Employing the One-Sender-Multiple-Receiver Technique in Wireless LANs

In this paper, we study the One-Sender-Multiple-Receiver (OSMR) transmission technique, which allows one sender to send to multiple receivers simultaneously by utilizing multiple antennas at the sender. To study the physical-layer characteristics of OSMR, we implement a prototype OSMR transmitter/receiver with GNU software defined radio and conduct experiments in a university building. Our results are positive and show that wireless channels allow OSMR for a significant percentage of the time.
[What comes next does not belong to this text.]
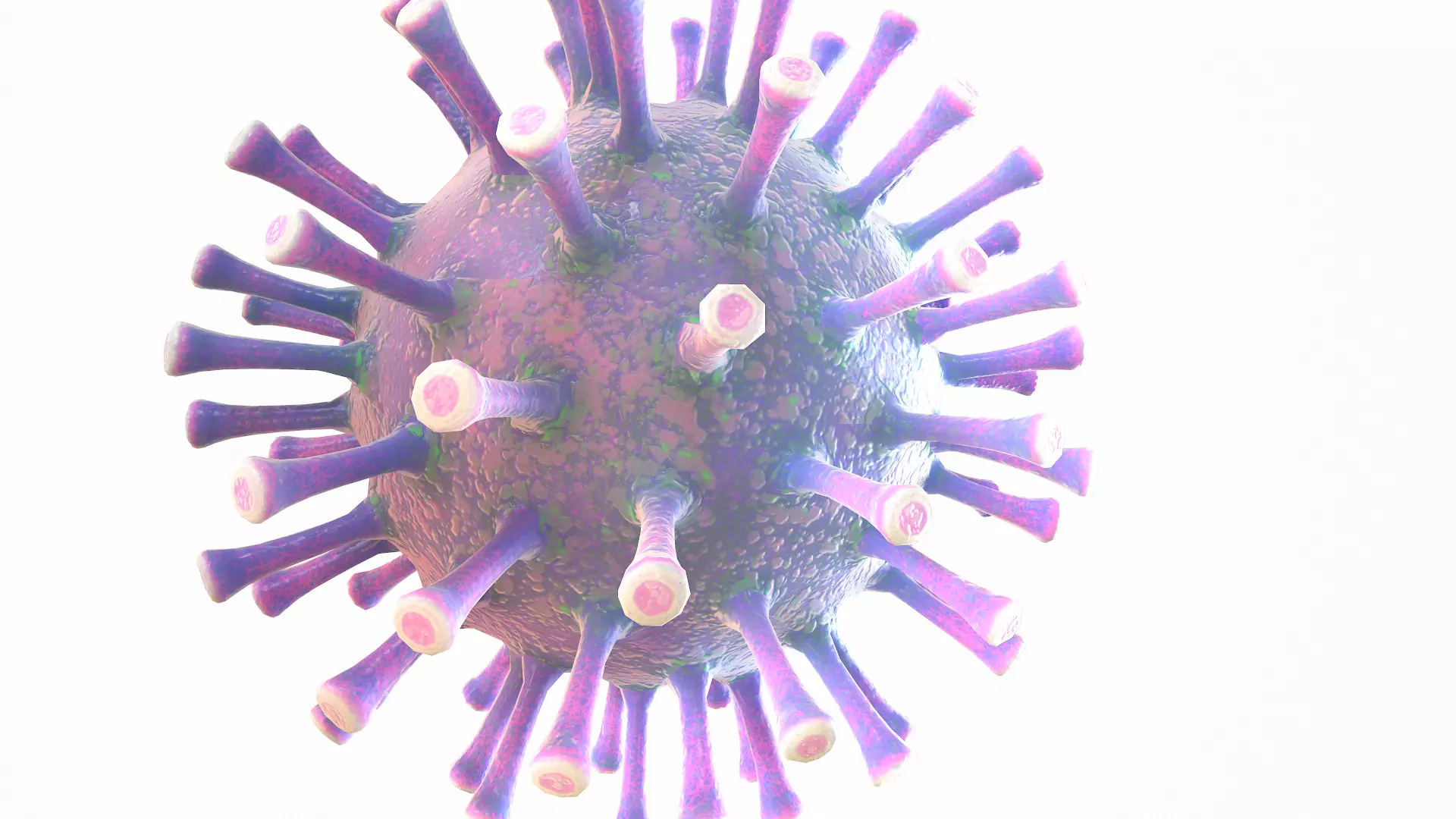 Coronavirus COVID 19 Low-poly 3D model_0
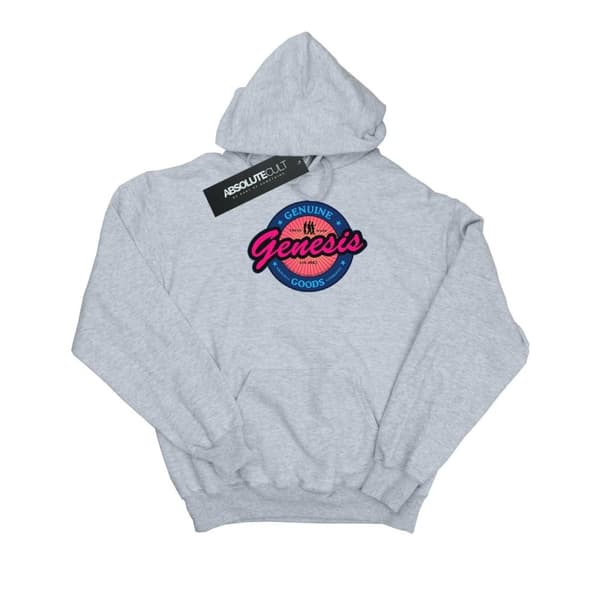 Genesis Girls Neon Logo Hoodie Sports Grey 7-8 Years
Motivated by our physical-layer study, we propose extensions to the 802.11 MAC protocol to support OSMR transmission, which is backward-compatible with existing 802.11 devices. We also note that the access point (AP) needs a packet scheduling algorithm to efficiently exploit OSMR. We show that the scheduling problem without considering the packet transmission overhead can be formalized as a linear programming problem, but the scheduling problem considering the overhead is NP-hard. We then propose a practical scheduler based on a two-phase algorithm that can also handle channel fluctuations. We test the proposed protocol and algorithm with simulations driven by traffic traces collected from wireless LANs and channel-state traces collected from our experiments, and the results show that OSMR significantly improves the downlink performance.